I wrote this in an e-mail this morning:
The most shocking thing about this election, with the possible exception of the depth of voter fraud and nullification, is the almost complete lack of movement in the vote: except for New Hampshire, and a few states whose margins of victory last time were under a percent, no states changed hands. Eight million more voters, hundreds of millions of dollars, millions of words written, and it doesn't seem to have changed anyone's mind, in spite of the incredibly important events of the last three years. That's polarization.
Well, Republicans have been saying that their policies will make America stronger and better. Republicans have been saying that we've been on the wrong path. They think they have a mandate, because they have power, but what they really have is a competent and unrestrained drive for victory. Republicans have been saying that they're not fascists, or proto-fascists or pseudo-fascists. Now we'll see.
p.s. I was right, I'm sorry to say. Last November I wrote:
The incumbent Bush-Cheney ticket, one of the tightest pairings in recent presidential politics, can and will trounce any Democratic challenge that attempts to unify the party and appeal to the electorate through political diversity rather than ideological focus. It will be particularly obvious if the vice-presidential candidate comes from the pool of failed presidential candidates, because the primary campaign sniping will be replayed immediately in the press and by the other side. To overcome the Bush/Cheney advantages of unity and [early] money will require near-perfect candidates running a better-than-perfect campaign and some luck to boot.
...
But assume that the economy stays ambiguous, that the situation in Iraq remains only mildly troubling, that no new terrorist attacks happen.
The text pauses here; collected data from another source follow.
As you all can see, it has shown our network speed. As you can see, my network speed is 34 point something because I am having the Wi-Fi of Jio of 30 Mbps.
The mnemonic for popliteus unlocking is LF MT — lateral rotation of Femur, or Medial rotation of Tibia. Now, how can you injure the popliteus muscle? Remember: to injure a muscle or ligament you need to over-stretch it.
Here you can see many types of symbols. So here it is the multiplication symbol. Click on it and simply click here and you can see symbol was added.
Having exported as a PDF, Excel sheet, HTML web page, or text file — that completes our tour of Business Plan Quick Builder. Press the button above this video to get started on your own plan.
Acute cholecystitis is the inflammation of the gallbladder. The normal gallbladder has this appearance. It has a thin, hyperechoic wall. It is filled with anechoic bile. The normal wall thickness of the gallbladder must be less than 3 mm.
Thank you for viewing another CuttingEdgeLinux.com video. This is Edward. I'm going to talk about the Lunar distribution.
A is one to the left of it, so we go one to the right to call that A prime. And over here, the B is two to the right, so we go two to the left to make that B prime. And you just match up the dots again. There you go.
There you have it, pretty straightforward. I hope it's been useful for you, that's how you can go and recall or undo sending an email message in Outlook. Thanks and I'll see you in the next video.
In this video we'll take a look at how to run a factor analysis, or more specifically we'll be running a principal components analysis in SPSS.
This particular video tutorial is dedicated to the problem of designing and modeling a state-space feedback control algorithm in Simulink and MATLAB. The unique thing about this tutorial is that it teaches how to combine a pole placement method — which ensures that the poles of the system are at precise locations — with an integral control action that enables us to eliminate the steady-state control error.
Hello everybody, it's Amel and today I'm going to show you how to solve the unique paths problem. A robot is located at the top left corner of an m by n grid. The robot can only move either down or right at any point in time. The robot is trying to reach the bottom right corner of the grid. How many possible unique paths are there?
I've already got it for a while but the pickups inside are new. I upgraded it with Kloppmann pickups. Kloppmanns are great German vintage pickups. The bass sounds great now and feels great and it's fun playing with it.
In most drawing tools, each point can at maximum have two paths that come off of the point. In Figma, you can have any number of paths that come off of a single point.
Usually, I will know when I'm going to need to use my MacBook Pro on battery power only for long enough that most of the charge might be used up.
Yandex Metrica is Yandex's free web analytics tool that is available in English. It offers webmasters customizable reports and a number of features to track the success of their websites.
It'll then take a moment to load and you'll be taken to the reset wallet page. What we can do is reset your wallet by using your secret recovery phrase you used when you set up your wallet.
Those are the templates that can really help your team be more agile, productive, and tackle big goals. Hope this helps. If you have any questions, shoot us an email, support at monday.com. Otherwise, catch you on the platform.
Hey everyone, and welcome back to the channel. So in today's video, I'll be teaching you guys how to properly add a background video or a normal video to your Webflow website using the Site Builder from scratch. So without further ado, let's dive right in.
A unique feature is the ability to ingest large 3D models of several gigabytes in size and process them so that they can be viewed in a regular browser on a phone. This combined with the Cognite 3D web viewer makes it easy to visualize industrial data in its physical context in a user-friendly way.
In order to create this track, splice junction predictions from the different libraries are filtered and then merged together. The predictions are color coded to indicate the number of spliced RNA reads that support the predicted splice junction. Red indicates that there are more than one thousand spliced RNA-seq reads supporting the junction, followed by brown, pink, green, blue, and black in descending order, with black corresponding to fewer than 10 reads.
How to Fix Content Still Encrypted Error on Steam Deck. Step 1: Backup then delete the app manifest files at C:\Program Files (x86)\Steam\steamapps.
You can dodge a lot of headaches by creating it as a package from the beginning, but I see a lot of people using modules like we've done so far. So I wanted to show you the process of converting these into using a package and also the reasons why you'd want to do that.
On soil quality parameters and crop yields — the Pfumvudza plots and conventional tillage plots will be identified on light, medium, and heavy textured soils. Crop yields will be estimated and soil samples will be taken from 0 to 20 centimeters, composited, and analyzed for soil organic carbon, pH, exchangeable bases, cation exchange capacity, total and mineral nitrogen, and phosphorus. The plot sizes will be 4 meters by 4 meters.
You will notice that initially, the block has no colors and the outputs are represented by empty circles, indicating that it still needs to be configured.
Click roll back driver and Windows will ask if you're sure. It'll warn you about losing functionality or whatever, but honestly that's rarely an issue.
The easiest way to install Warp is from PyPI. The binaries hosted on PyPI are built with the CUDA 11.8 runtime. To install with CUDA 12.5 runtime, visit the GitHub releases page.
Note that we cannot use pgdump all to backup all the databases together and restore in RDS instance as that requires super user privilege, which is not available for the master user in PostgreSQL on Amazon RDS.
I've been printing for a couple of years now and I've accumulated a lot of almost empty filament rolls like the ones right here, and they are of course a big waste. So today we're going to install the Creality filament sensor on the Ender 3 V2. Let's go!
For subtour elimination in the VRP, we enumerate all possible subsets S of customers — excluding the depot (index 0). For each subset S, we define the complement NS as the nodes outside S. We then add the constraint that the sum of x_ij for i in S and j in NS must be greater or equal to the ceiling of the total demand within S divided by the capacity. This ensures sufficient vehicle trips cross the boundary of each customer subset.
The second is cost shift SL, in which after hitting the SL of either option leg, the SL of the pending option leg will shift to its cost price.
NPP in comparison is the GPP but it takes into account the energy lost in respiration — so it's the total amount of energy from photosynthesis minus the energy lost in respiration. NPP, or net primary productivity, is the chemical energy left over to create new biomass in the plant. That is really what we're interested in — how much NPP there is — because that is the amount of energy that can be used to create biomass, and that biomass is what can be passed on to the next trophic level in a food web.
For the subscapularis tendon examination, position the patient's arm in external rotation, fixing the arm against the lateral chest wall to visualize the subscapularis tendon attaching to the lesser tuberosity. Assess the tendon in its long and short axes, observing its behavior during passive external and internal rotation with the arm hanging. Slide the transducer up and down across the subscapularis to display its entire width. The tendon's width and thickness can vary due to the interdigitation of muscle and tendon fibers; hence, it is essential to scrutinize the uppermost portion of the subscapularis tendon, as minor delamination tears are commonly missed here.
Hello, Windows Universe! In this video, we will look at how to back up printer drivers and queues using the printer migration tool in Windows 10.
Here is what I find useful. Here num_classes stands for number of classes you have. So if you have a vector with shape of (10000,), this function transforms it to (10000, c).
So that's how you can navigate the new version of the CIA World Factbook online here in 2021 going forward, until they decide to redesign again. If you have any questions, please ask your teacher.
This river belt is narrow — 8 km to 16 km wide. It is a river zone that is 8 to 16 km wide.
Or even assume that these factors don't remain stable, but counter each other: if the situation in Iraq becomes a crisis, but the economy improves, for example. Then political clarity -- ticket unity -- will decide the next election, as it has decided the last five.
Other predictions are put to the test by HNN staff here. The economists and political scientists came out pretty well, it seems. I have doubts, even about my own model, because of the contingencies inherent in this process. There are also some interesting analyses of what might come in this second term culled from HNN's archives here. What makes them interesting is that none of them were written with a second Bush term in mind; most come from around the last midterm elections.